Gedung OJK..
Sumber :
  • Viva

Kewenangan Penyidikan OJK Dikritik dan Dinilai Bertentangan dengan UU Polri-KUHAP

Jumat, 6 Januari 2023 - 20:27 WIB

Jakarta - Pakar Hukum Tata Negara, Muhammad Rullyandi menilai Undang-Undang Pengembangan dan Penguatan Sektor Keuangan atau UU PPSK yang memberi wewenang kepada Otoritas Jasa Keuangan (OJK) jadi lembaga tunggal yang dapat melakukan penyidikan terhadap tindak pidana di sektor jasa keuangan, bertentangan dengan Undang-Undang Nomor 2 Tahun 2002 tentang Polri

Pun juga dianggap bertentangan dengan Kitab Undang-undang Hukum Acara Pidana (KUHAP). Rully merasa kewenangan penyidikan yang diberikan kepada OJK harusnya bersifat terbatas. Sebab, negara sudah memposisikan Polri sebagai lembaga yang punya kewenangan terkait dengan Pemeliharaan Ketertiban dan Keamanan Masyarakat (Harkamtibmas) dan Penegakan Hukum di bidang fungsi penyidikan.

"Ketentuan Pasal 49 RUU tentang Pengembangan dan Penguatan Sistem Keuangan telah bertentangan dengan Konstitusi Pasal 30 Ayat 4, UU Polri Pasal 14 dan Ketentuan Pasal 6 Hukum Acara Pidana KUHAP yang tidak mengenal keberadaan Penyidik Pegawai Tertentu," ujarnya kepada wartawan, Jumat 6 Januari 2023. 

Dirinya mengatakan bahwa independensi kelembagaan OJK pun tak bisa ditafsirkan berdiri sendiri. Sebagaimana dalam Pasal 6 KUHP, diperlukan adanya checks and balances serta koordinasi dan supervisi berkaitan dengan tindak pidana khusus. 

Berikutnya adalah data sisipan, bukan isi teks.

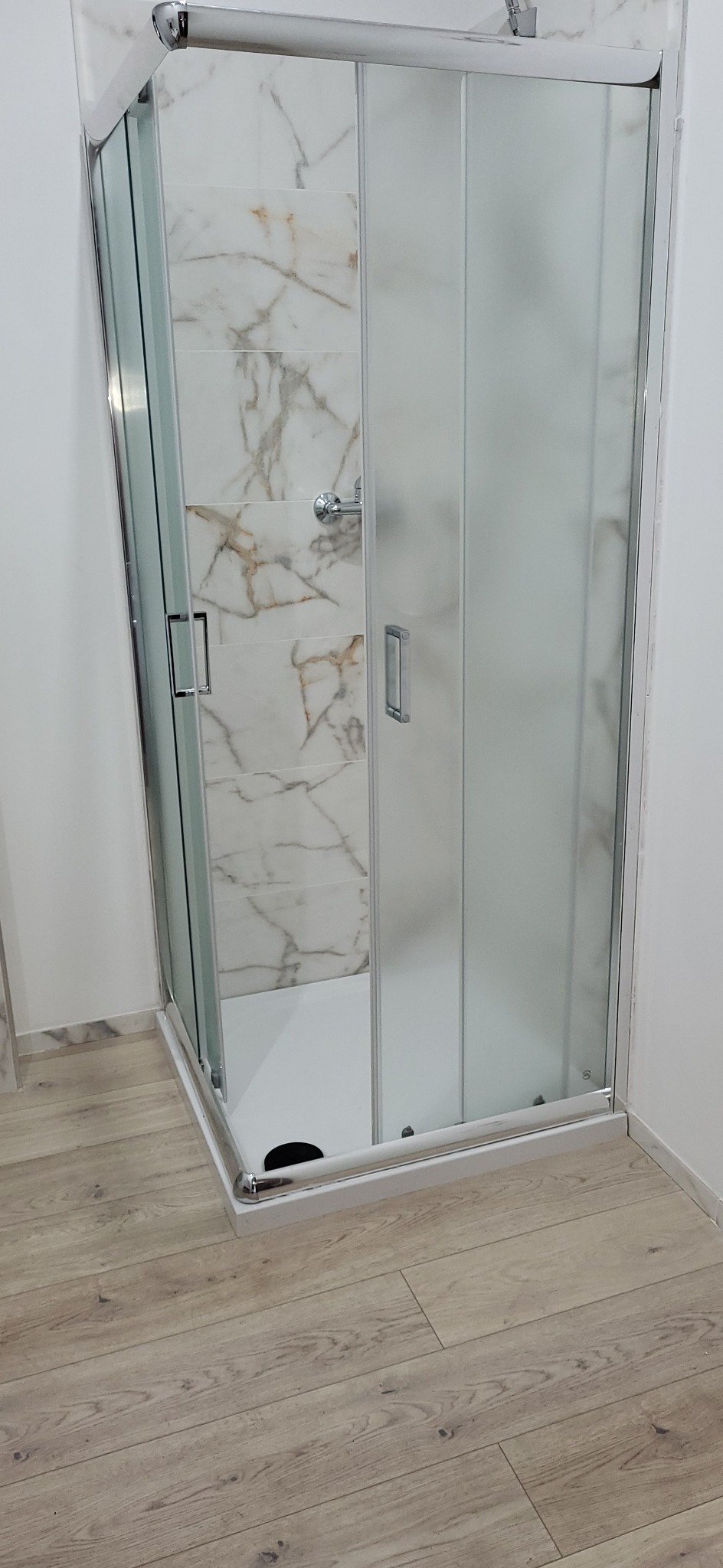 Nowoczesna kabina prysznicowa narożna z przesuwnymi drzwiami, wykończona chromowanymi profilami. Wnętrze wyłożone płytkami imitującymi marmur. Jasna podłoga.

"Hal demikian sejatinya telah dirumuskan secara konsisten oleh pembentuk undang-undang sejak melahirkan UU OJK 2011 terkait dengan penempatan keberadaan penyidik OJK yang melibatkan penyidik Polri," ujarnya.  

Sementara itu, Guru Besar Hukum Bisnis Universitas Gadjah Mada (UGM) Nindyo Pramono di tahun 2019, saat sidang pengujian Undang-Undang Nomor 21 Tahun 2011 tentang Otoritas Jasa Keuangan (UU OJK) terhadap UUD 1945, menyatakan bahwa aturan kewenangan penyidikan oleh Otoritas Jasa Keuangan (OJK) dinilai tidak memberikan kepastian hukum.

Bagi Nindyo, fungsi kewenangan OJK seharusnya berada dalam ranah hukum administrasi negara pada proses pemeriksaan dan penyelidikan. 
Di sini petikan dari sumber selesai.